When your team or a vendor shows you an architecture diagram, it will have far more than three boxes on it. That's not a contradiction — the three layers aren't a different model, they're the same engineering stack grouped the way a business owner needs to reason about it. Here's the fuller picture the practitioners are working from:

The AI engineering stack: data foundations and retrieval at the base; models, agent architecture, integration and human interface in the middle; evaluation, observability, safety and governance as cross-cutting concerns; strategy on top and AI DevOps underneath

Don't try to memorise it. Every box lives inside one of the three layers: Data at the base, Systems in the middle, and the Harness wrapping everything else — with the agent itself just one box near the top, added last. Here's each layer in plain English, from the ground up.

1. Data foundations

This is where most projects should start, and where most businesses underinvest. Before anything clever happens, you need real answers to five questions: what data exists, where it lives, who owns it, how good it is, and how often it updates. The unglamorous plumbing — a catalogue of what you have, pipelines that land it somewhere you can actually query, and proper handling of personal data — is the load-bearing part. Vector stores and knowledge graphs sit here too, but they come after the basics, not instead of them.
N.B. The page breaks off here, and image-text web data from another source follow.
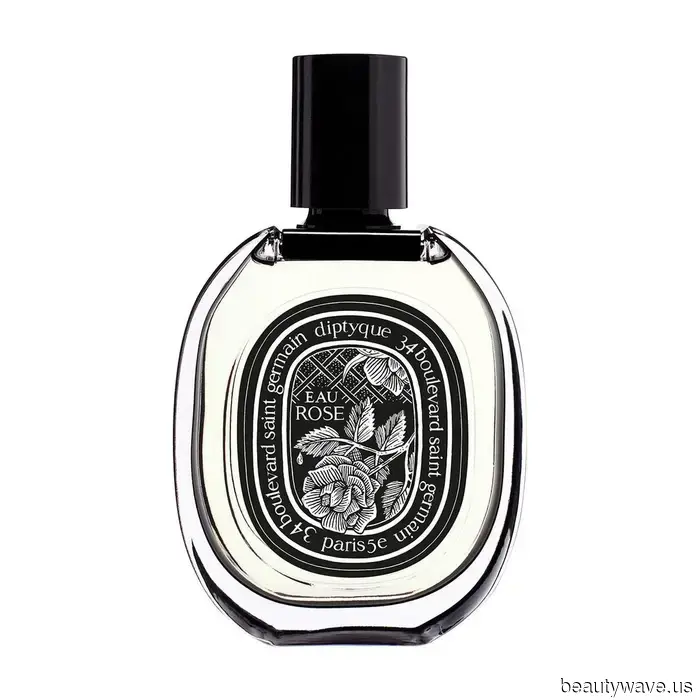 From Byredo to La Mer: I Can Save $730 on 15 Iconic Beauty Products in This Secret Sale.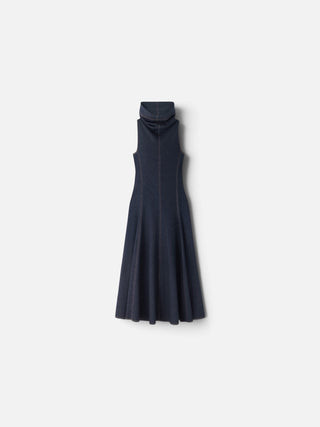 JACQUEMUS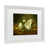 White Framed is unavailable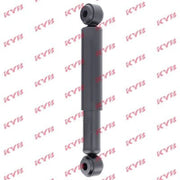 KYB Shock Absorber Damper Strut Rear 443223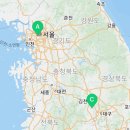 주식회사바이오스타줄기세포기술연구원칠곡공장 | 네이처셀 조인트스템 FDA 승인 가능성 AI 분석 및 정리
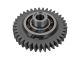 DT Spare Parts 2.10749 Vorgelegerad passend für Multimarken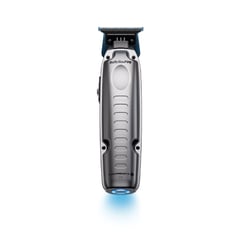 BARBEROLOGY - Patillera FX ONE Lo-Pro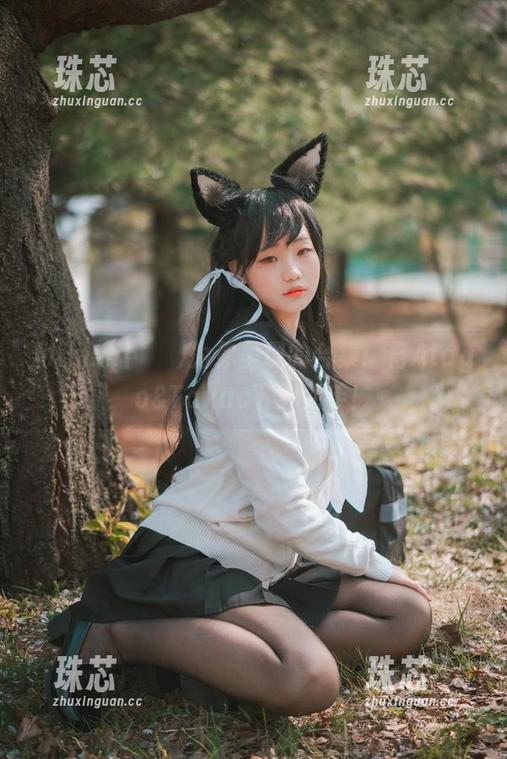 Mimmi(밈미)为你呈现的合集：将Atago&Takao下载到手！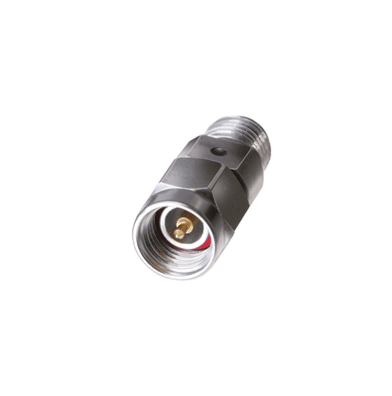 SF-35M50+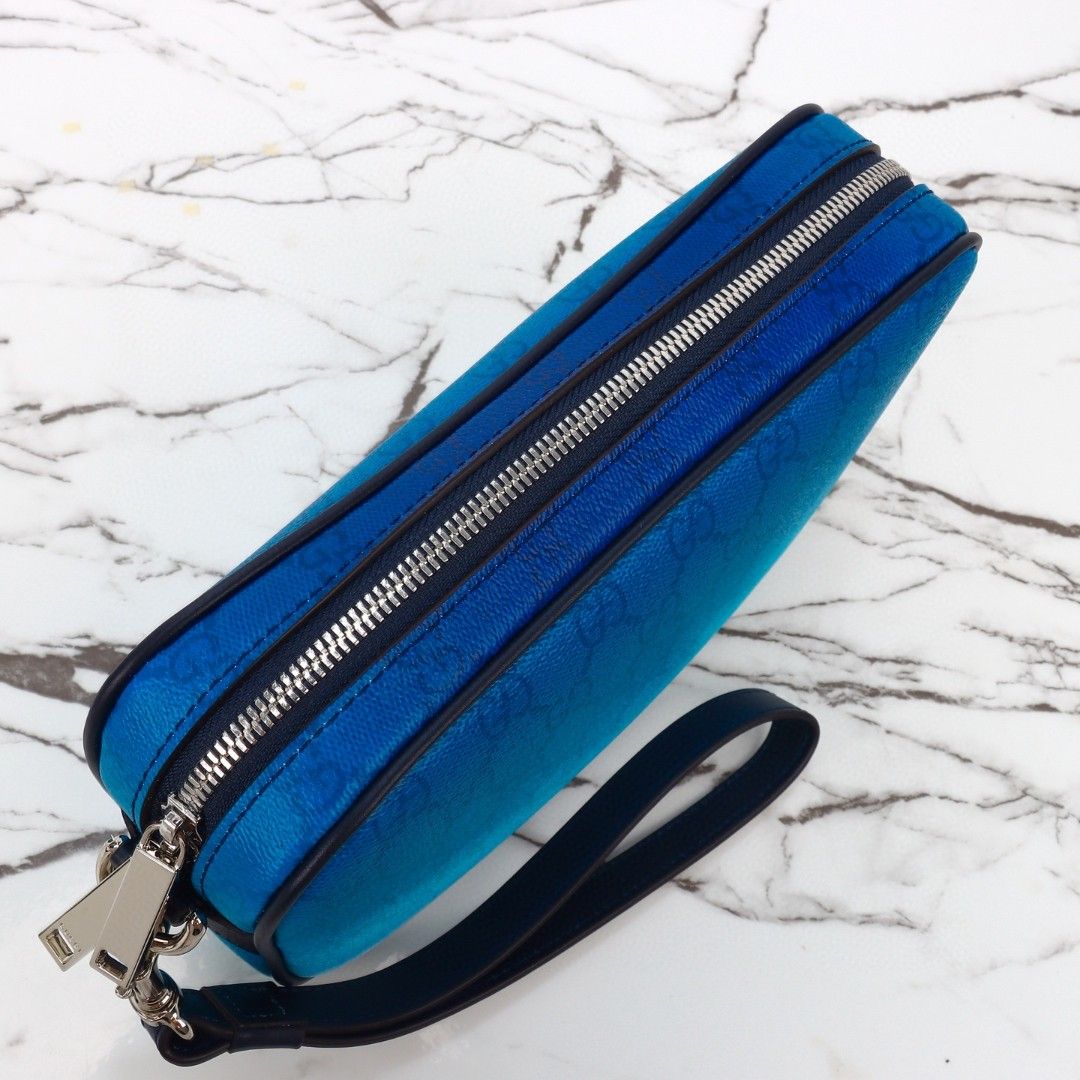Gucci new bag-202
Data foundations layer — data catalog, pipelines, quality, and lineage

2. Retrieval & knowledge

Once the data is reachable, the question becomes how the agent finds the right piece at the right moment. That's retrieval: how documents get broken up, searched, and ranked before the model ever sees them. Most people reach for "train a custom model" when better retrieval would do the job faster and for less money. If your agent is grounding its answers in your actual material rather than guessing, this layer is the reason.

3. Models & orchestration

Which model does the work, and how you manage it. You rarely want one model for everything — a cheap one can triage the easy cases and an expensive one can handle the hard ones, which keeps cost under control. The discipline that matters here is treating prompts like code: kept in version control, reviewed, and tested, not quietly edited in a text box and forgotten.

Models and orchestration layer — model selection, routing, prompt management, and caching

4. Agent architecture

This is the agent itself — how it uses tools, what it remembers, how it plans a multi-step task, and where it stops to check with a human. Getting an agent to work once in a demo is easy; the hard part is making it reliable across the messy long tail of real-world inputs. The rule of thumb that separates working systems from science projects: start simple, and only add complexity when your testing proves it's needed.
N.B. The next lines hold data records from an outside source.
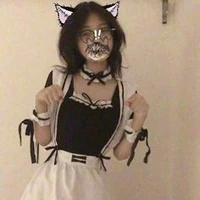 Thất Nghi
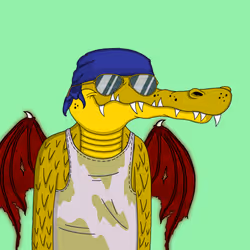 197
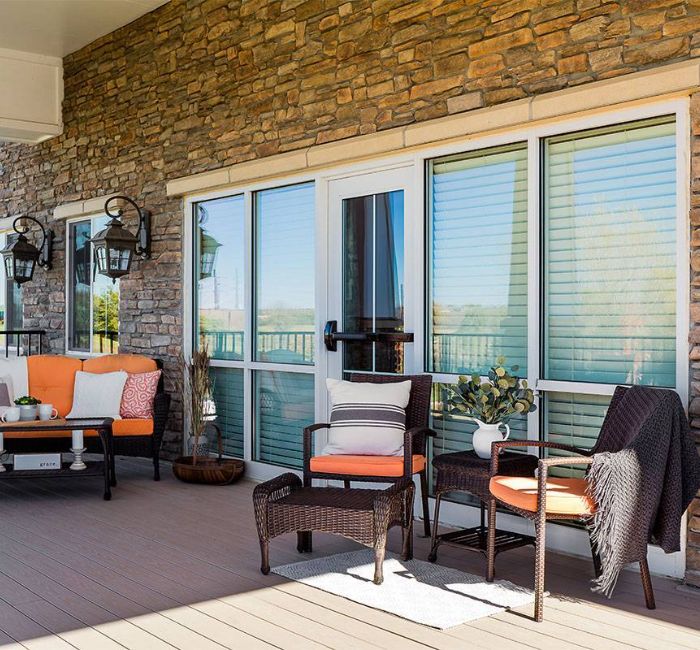 Edencrest at Green Meadows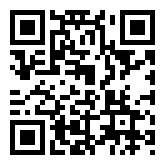 Scan the WeChat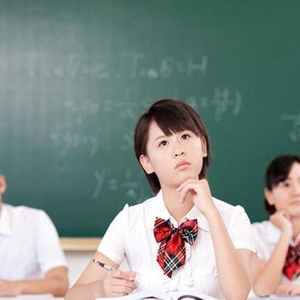 个人学习计划要如何制定 三点让学习更加有效率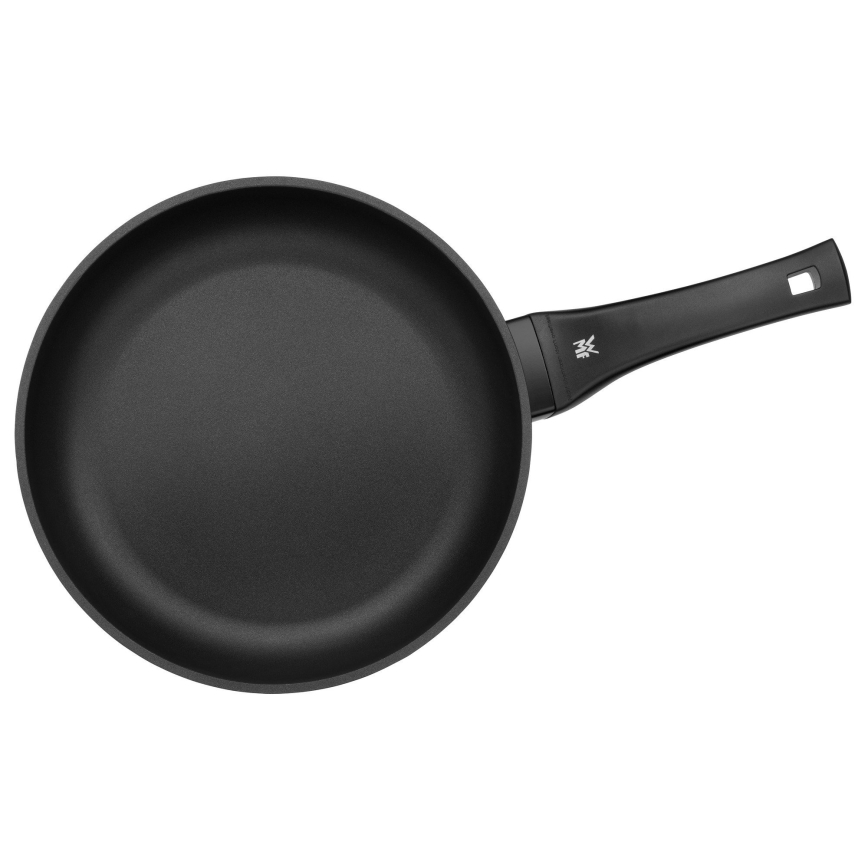 WMF - PERMADUR EXCELLENT serpenyő 28 cm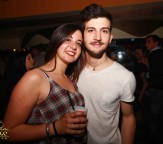 IMG_0315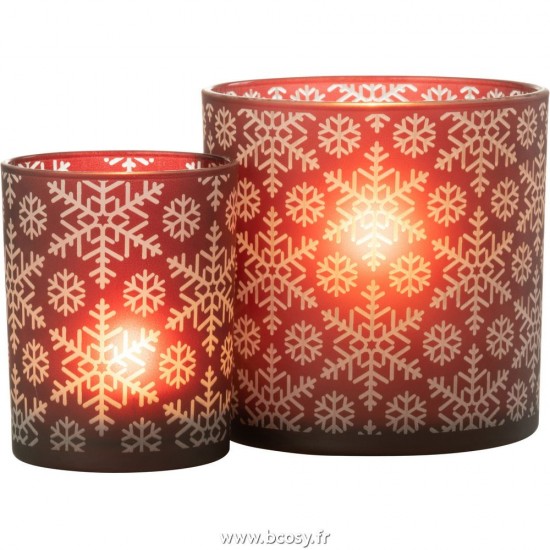 J-line 26370 Jolipa JLine support bougie photophore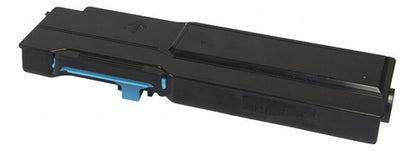 Tóner Xerox 106r03534 Cian, 8000 Páginas Versalink C405 C400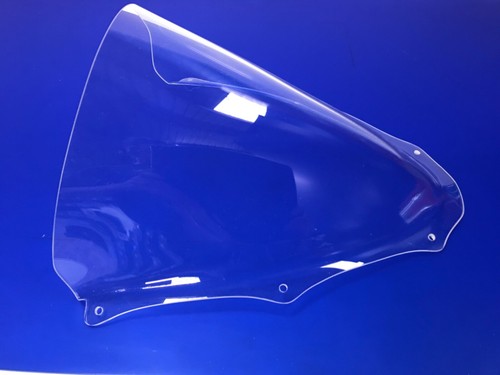 Suzuki gsxr 600 - 750, k7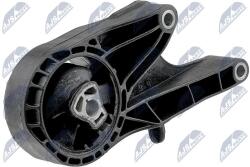 NTY Suport motor NTY ZPS-PL-023 (ZPS-PL-023)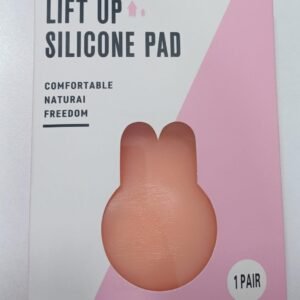 Lift Up silicone pad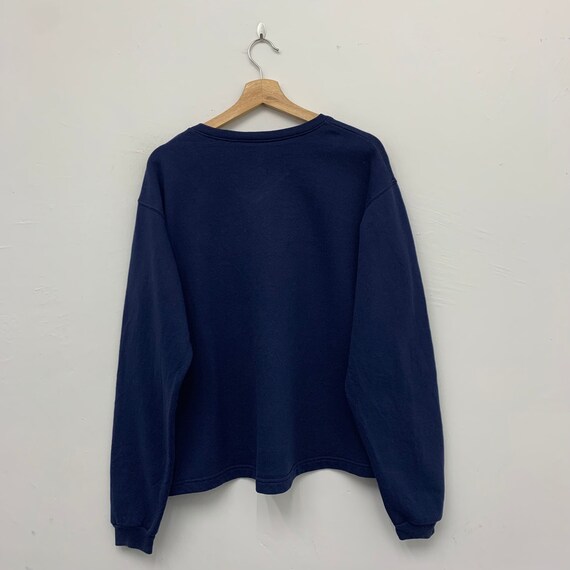 Champion boxy sweatshirt sale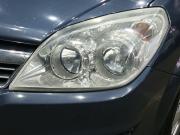 Opel Astra H Рестайлинг Ставрополь  - изображение 31
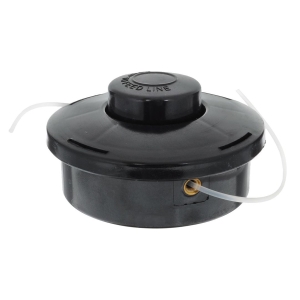 Головка триммерная полуавтоматическая Huter GТН для GGT и GET-1200SL SAF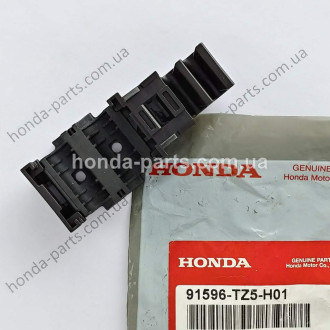 Кріплення HONDA/ACURA 91596TZ5H01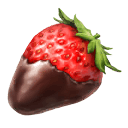 fgo-フォンデュイチゴ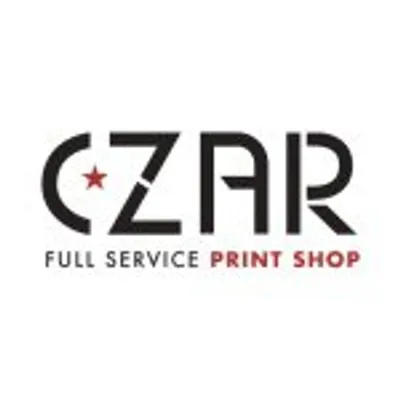 czarpress profile
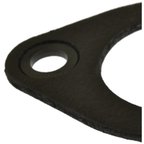Standard Ignition FJG103 Fuel Injection Throttle Body Mounting Gasket - view 2
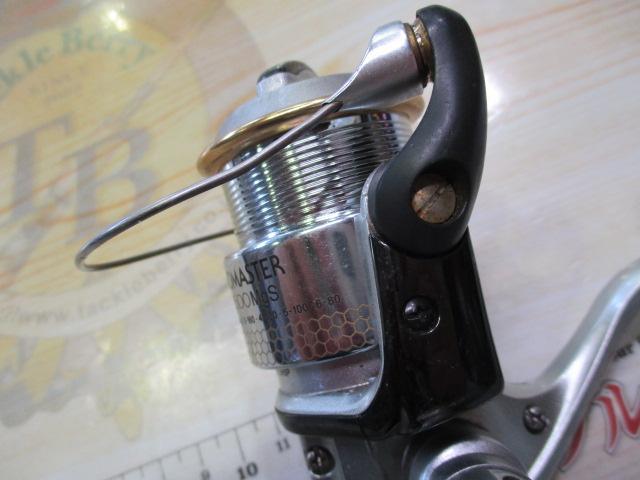 バイオマスターMGS 2500MGS 00バイオマスターMGS 2025年最新】バイオマスター 2500mgsの人気アイテム - メルカリ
Agent architecture layer — tools and function calling, memory, planning, and state

5. Integration & actions

How the agent actually does things in your systems — produces the quote in the CRM, updates the order in the ERP, raises the ticket. The critical and most-overlooked piece is permissions: an agent acting on someone's behalf should inherit that person's access, not run with the keys to everything. This is the layer where security review tends to slow a rollout down — which is a feature, not a bug.

Integration and actions layer — API gateways, MCP servers, connectors, authentication and identity

6. Evaluation & observability

The most undersold part of the whole stack, and the one that decides whether you ever leave "testing". Evaluation is a repeatable way to measure quality; observability is being able to see what the agent did and why. Without them you can't safely improve anything, ship with confidence, or prove the thing is working. Insist on this early — it becomes the spine everything else hangs off.

Evaluation and observability layer — golden datasets, regression suites, production tracing, cost and latency dashboards

7. Safety, governance & compliance

The guardrails: defences against manipulated inputs, filtering of bad outputs, an audit log of every action the agent takes, redaction of personal data, and alignment with whatever rules your industry runs under — GDPR, SOC 2, HIPAA. In regulated sectors this isn't a final coat of paint; it often dictates how the whole system has to be built in the first place.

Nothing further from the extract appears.